Hi, I’m trying to implement a network, in which the weights of the layers should be calculated as a result of a tensor operation. This is the code I have:
class NOWANet(nn.Module):
def __init__(self, V, Wstacked):
super(NOWANet, self).__init__()
# first conv layer
# define layer
self.conv1 = nn.Conv2d(in_channels=1, out_channels=6, kernel_size=5)
# define tensors that will be used to calculate weights and biases
self.conv1_W_V = nn.Parameter(V[0], requires_grad=True)
self.conv1_B_V = nn.Parameter(V[1], requires_grad=True)
self.conv1_W_stack = nn.Parameter(Wstacked[0], requires_grad=False)

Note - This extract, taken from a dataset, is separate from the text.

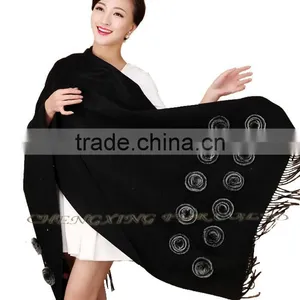 CX-B-P-36E Ladies Fashion Cashmere Shawl With Fur thumbnail-2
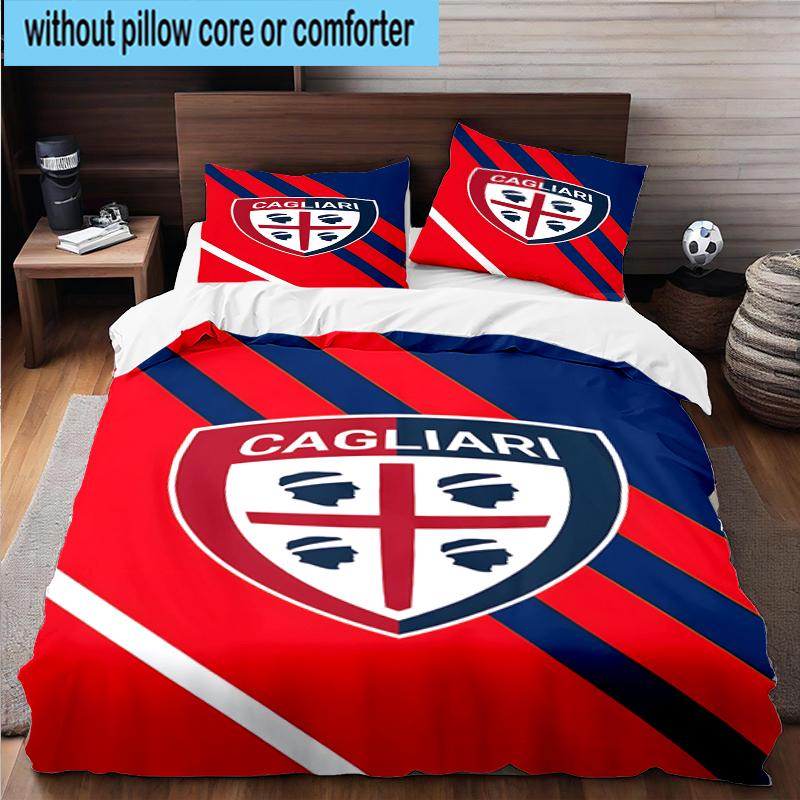 3PCS Football Cagliari Design Bedding Set,Including 1pc Duvet Cover And 2pcs Pillowcases Perfect for Bedroom, Dormitory, Fan Christmas gift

self.conv1_B_stack = nn.Parameter(Wstacked[1], requires_grad=False)
# set layer weights and bias
self.conv1.weight = nn.Parameter(torch.tensordot(self.conv1_W_V,
self.conv1_W_stack,
dims=1, out=None),
requires_grad=True)
self.conv1.bias = nn.Parameter(torch.tensordot(self.conv1_B_V,
self.conv1_B_stack,
dims=1, out=None),
requires_grad=True)
The idea is to perform a tensordot between the V and W_stack tensors, which then should be used as weights and bias (one tensordot each). The catch is that I only want to optimize V so that W_stack remains the intact. The way it is currently written initializes the weights correctly, but backprop optimizes over the actual weights of the layer, there is no change to the V vector.
Any ideas or suggestions on how to do it?